Il film chiama in causa la teoria dell’errore catastrofico in materia di biologia dell’invecchiamento: questa teoria ipotizza che ci siano errori nella trascrizione del DNA o nella traslazione del RNA. Tali errori portano inevitabilmente all’invecchiamento, la nostra via d’annientamento, che in quest’universo cinematografico si dà per assunto non sia una teoria, ma la realtà.
Il carattere nichilista della pellicola non implica alcuna critica sociale o intento politico, filosofeggia semplicemente sulla nostra identità, sulle nostre possibilità, su quello che la scienza ancora non conosce; l’ignoto ed il mistero hanno un ruolo importante nel film, senza dare troppe risposte (anche se sono intuibili) per lasciare spazio al fascino dell’ambiguità.
La biologia – la scienza di cui si occupa la nostra Lena – sembra essere la vera protagonista, la chiave risolutiva di ogni cosa, superficie e subtext di ciò che vediamo all’interno dell’Area X, mentre bicchieri d’acqua – che compaiono di tanto in tanto – sembrano le lenti necessarie per filtrare il senso del film.
Un cult mancato
Alex Garland ha finito la sceneggiatura del film quando il secondo capitolo della trilogia di Jeff VanderMeer era in uscita. Non indagheremo sulle differenze e non faremo paragoni tra le due opere, ma questo implica una direzione diversa tra soggetto originale ed adattamento, che può soddisfare – o meno – nel risultato finale.

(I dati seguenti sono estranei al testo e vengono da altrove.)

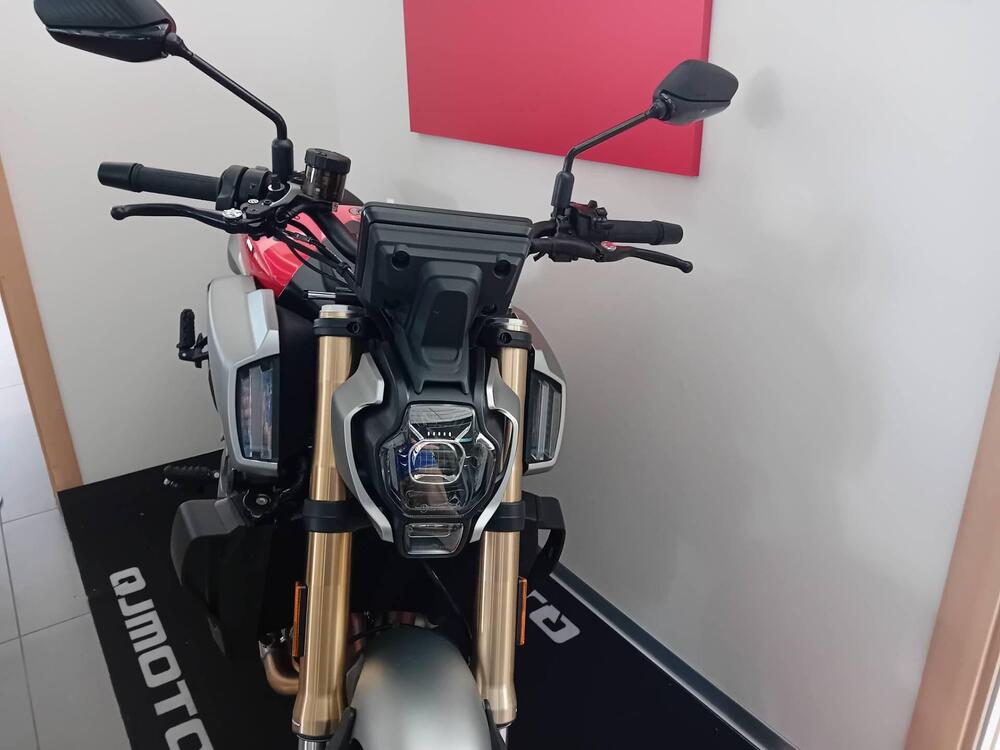 QJ Motor SRK 900 (2025 - 26) (4)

Il soggetto su cui interviene Garland è importante, prezioso, qualcosa che va maneggiato con cura e verso di esso c’è indubbiamente del rispetto, ma a una più attenta riflessione non si può non considerare diverse mancanze.

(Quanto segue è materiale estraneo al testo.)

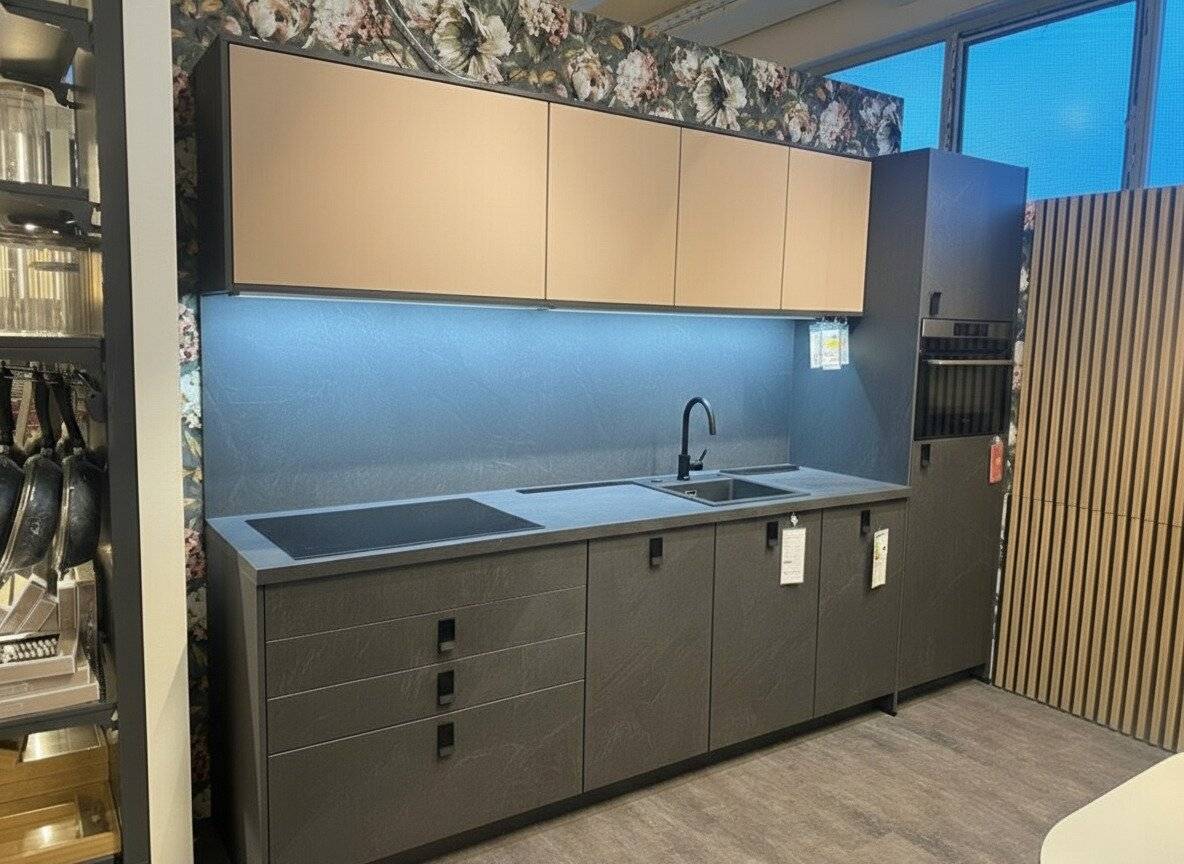 Available from 1 November 2026: Bright attic apartment in Linz: 3 rooms, balcony and modern fittings? ? no, fix: Available from 1 November 2026: Bright attic apartment in Linz: 3 rooms, balcony and modern fittings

Il film ha tutto il potenziale per diventare un cult dello sci-fi ma, sia nella sceneggiatura che nel rapporto con la cinepresa, Garland si limita a narrare, mostrare e semplificare il soggetto.
Annientamento ricorda e rimanda ad Alien, 2001: Odissea nello Spazio ed Arrival. Ci sono in esso alcune tensioni, tematiche, intenzioni e riflessi che ricordano quelle opere, ma a fare di esse dei capolavori cinematografici è stata la cifra stilistica dei loro autori e registi, quella che Garland non riesce ad imporre; sembra timoroso di approfondire, delegando agli oggetti di scena e alle scenografie il compito di dare spessore ai contenuti.
In sintesi: il soggetto è talmente grande che non è stato espresso in tutta la sua bellezza.
C’era lo spazio per sperimentare, per giocare molto di più con gli effetti visivi, approfondire la storia dei personaggi secondari e sfruttare più creativamente il montaggio e la fotografia. Ma attenzione, ciò non fa di Annientamento un prodotto deludente, ma un lavoro importante con tante occasioni mancate.
Garland è un bravo regista e questa è la sua seconda opera, ma in quanto è un’autore affermato e talentuoso, era lecito aspettarsi qualcosa in più. Forse è stato un problema di budget? Forse di minutaggio? Manca di personalità. Il carattere misterioso poteva esser reso ancora più criptico, potevano essere operate scelte che valorizzavano ancor di più la stravaganza dell’Area X, invece la narrazione sembra finalizzata a rendere tutto estremamente fruibile. Anche se non ci sono molte risposte ad alcuni dubbi, possiamo facilmente trovarle.
Una direzione più introspettiva, accompagnata da una narrazione meno limpida, avrebbe dato ad Annientamento il quid in più che meritava.